START RAW DATA
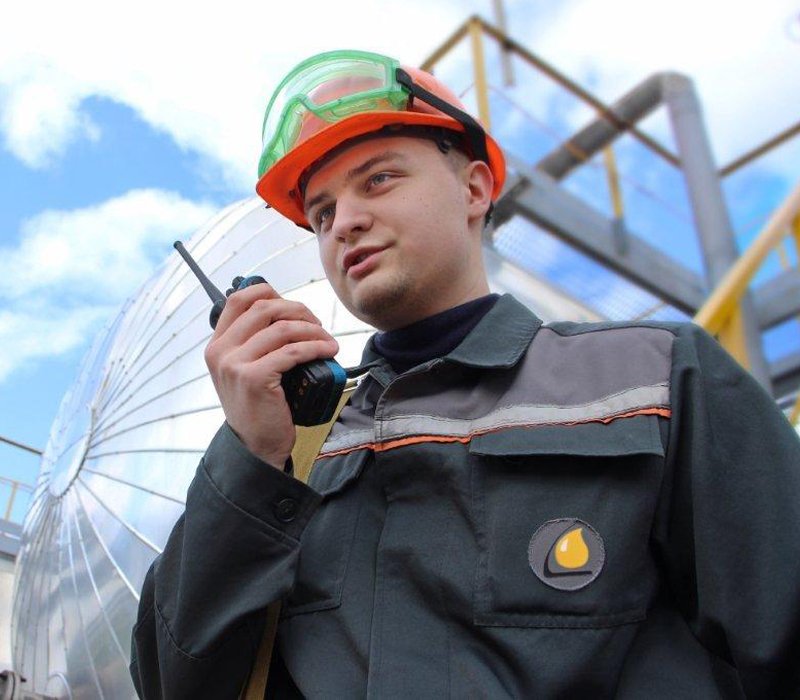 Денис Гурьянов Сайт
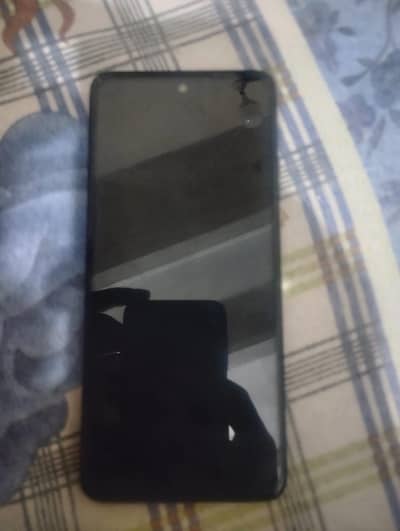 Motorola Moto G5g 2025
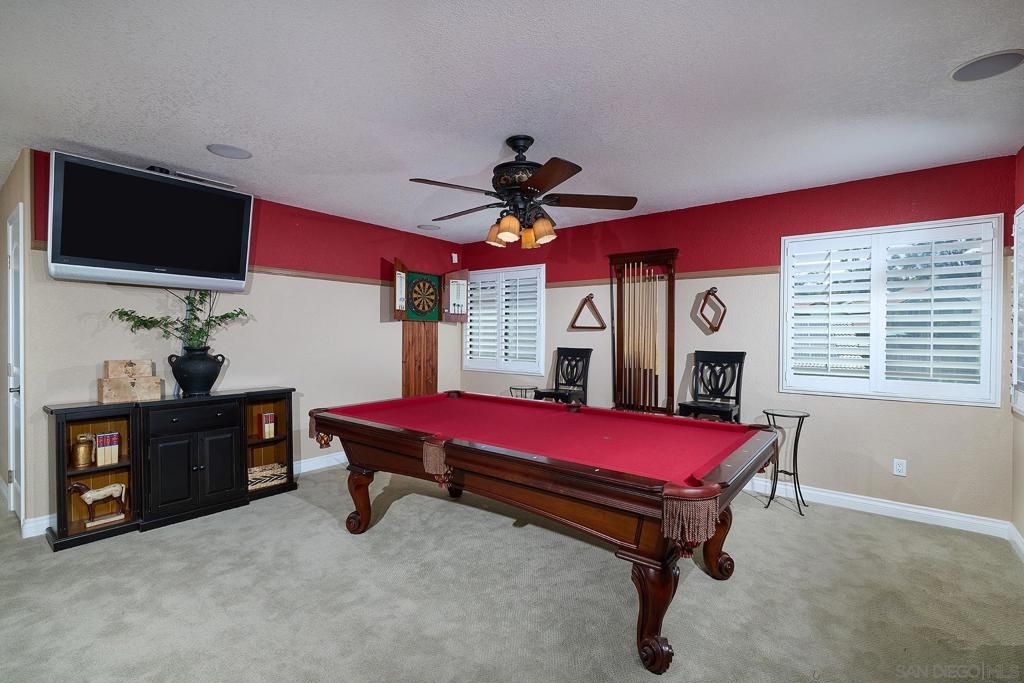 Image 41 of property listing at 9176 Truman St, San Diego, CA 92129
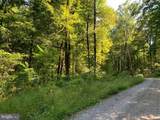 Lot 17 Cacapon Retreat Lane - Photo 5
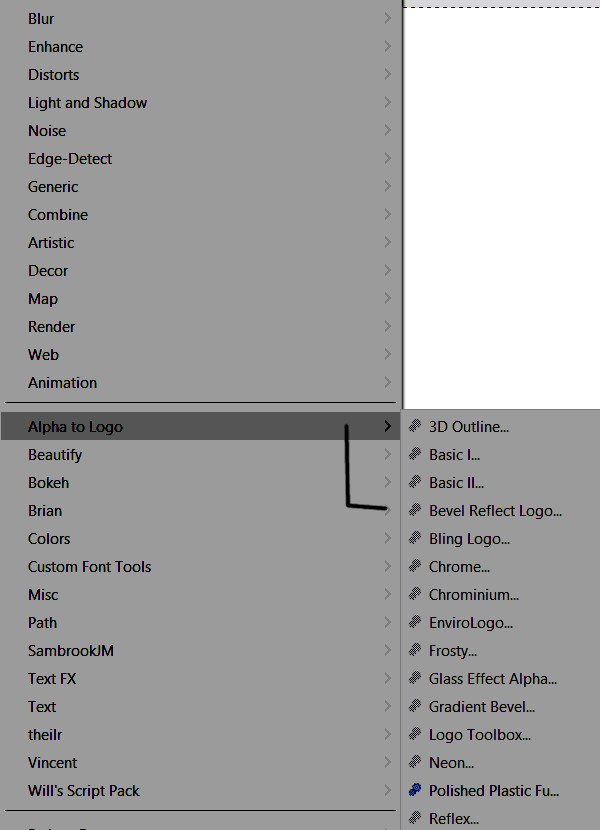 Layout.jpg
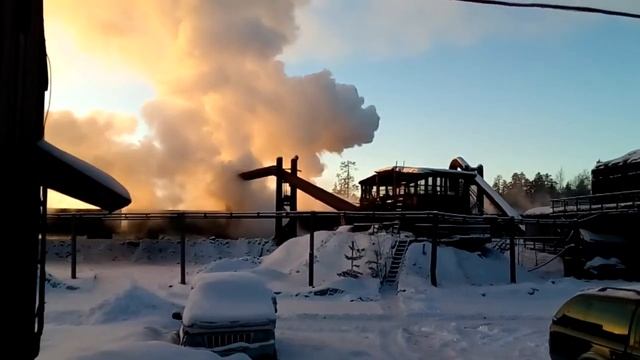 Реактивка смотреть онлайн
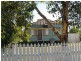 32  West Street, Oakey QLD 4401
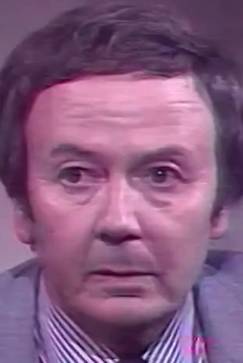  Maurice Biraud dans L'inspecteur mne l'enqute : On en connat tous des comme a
END RAW DATA
Full copy, no pictures: write out each line of the data exactly as it stands.

 Денис Гурьянов Сайт
 Motorola Moto G5g 2025
 Image 41 of property listing at 9176 Truman St, San Diego, CA 92129
 Lot 17 Cacapon Retreat Lane - Photo 5
 Layout.jpg
 Реактивка смотреть онлайн
 32  West Street, Oakey QLD 4401
  Maurice Biraud dans L'inspecteur mne l'enqute : On en connat tous des comme a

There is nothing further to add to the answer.